The survey – which explores the role technology plays in supply chains, how supply chain organizations leverage technology for competitive advantage, and their changing views about how best to exploit technology in supply chain management organizations – found that only 19% of respondents ranked blockchain as a “very important technology” for their business. Moreover, only 9% have bothered investing in blockchain at all.

Despite all the hype over blockchain’s immutability and applicability to supply chain management for things like verifying authenticity, improving traceability and visibility, and improving transactional trust, in reality most such pilots are limited in scope and the initial enthusiasm over distributed ledger technology as a supply-chain app has worn off quickly, the report says.

The basic problem boils down to a combination of technology immaturity, lack of standards, overly ambitious scope and a misunderstanding of how blockchain could (or should) actually help the supply chain, says Gartner senior principal research analyst Alex Pradhan.

“Inevitably, this is causing the market to experience blockchain fatigue,” she says.

Pradhan breaks it down further, noting that because distributed ledger tech is an emerging technology – particularly when it comes to just about any application outside of the cryptocurrency space – this makes it pretty much impossible for companies to identify and target specific high-value use cases. The best they can hope for is to run a bunch of different development pilots and rely on trial and error to see if the technology brings any value at all to the table.

Complicating things is the fact that because the technology is still emerging, so is the vendor ecosystem behind it – so much so that supply chain organizations who want to buy an off-the-shelf, complete, packaged blockchain solution can’t because there is no such thing.

“Without a vibrant market for commercial blockchain applications, the majority of companies do not know how to evaluate, assess and benchmark solutions, especially as the market landscape rapidly evolves,” said Pradhan. “Furthermore, current creations offered by solution providers are complicated hybrids of conventional blockchain technologies,” she says. “This adds more complexity and confusion, making it that much harder for companies to identify appropriate supply chain use cases.”

The point isn’t that blockchain is useless as a supply-chain technology, but rather that it’s still too early to know exactly what it can and can’t do in that capacity. Put another way, there’s still too much hype around it – and no useful standards – for organizations to properly evaluate its usefulness for supply chain management or anything else.

It’s also worth noting that sometimes, adoption barriers aren’t related to the technology itself. For example, the TradeLens blockchain for shipping logistics companies developed by IBM and Maersk has been reportedly struggling to get companies to sign on for the simple reason that Maersk (that is to say, one of their direct competitors) is running it.

According to a white paper earlier this year from Juniper Research, another key challenge to getting supply-chain partners to adopt blockchain is that more often than not, they don’t understand how it benefits them as an asset-tracking tool. Oftentimes they’re not even sure what blockchain is.

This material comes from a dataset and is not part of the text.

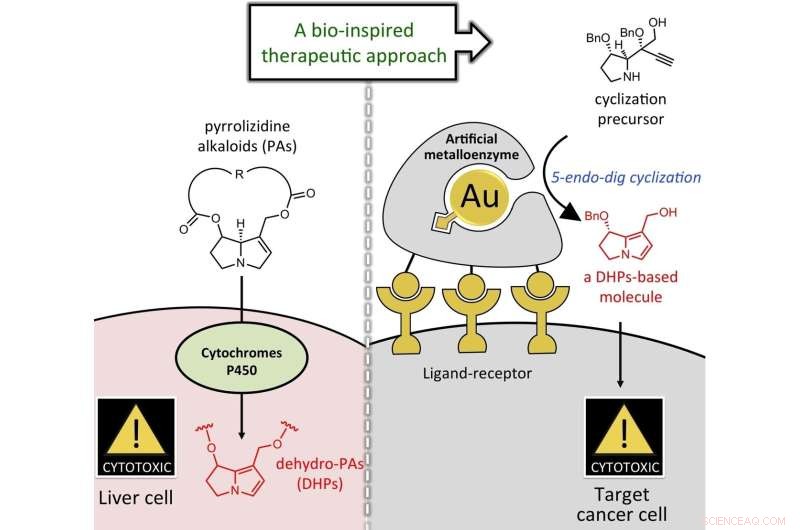 Plant-Derived Compound Halts Cancer Cell Growth, Unveiling New Therapeutic Potential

This point came up noticeably often at a blockchain tech conference in Hong Kong earlier this year, with a number of experts onstage saying that that the best way to pitch a blockchain-based solution to a company is to not even mention blockchain at all and just focus on what the solution delivers, otherwise you’ll just confuse them.

In any case, Gartner’s recommendation to organizations is to ignore the hype and approach solutions with extreme caution until until there is a clear distinction between hype and blockchain’s core capabilities, says Pradhan.

“The emphasis should be on proof of concept, experimentation and limited-scope initiatives that deliver lessons, rather than high-cost, high-risk, strategic business value.”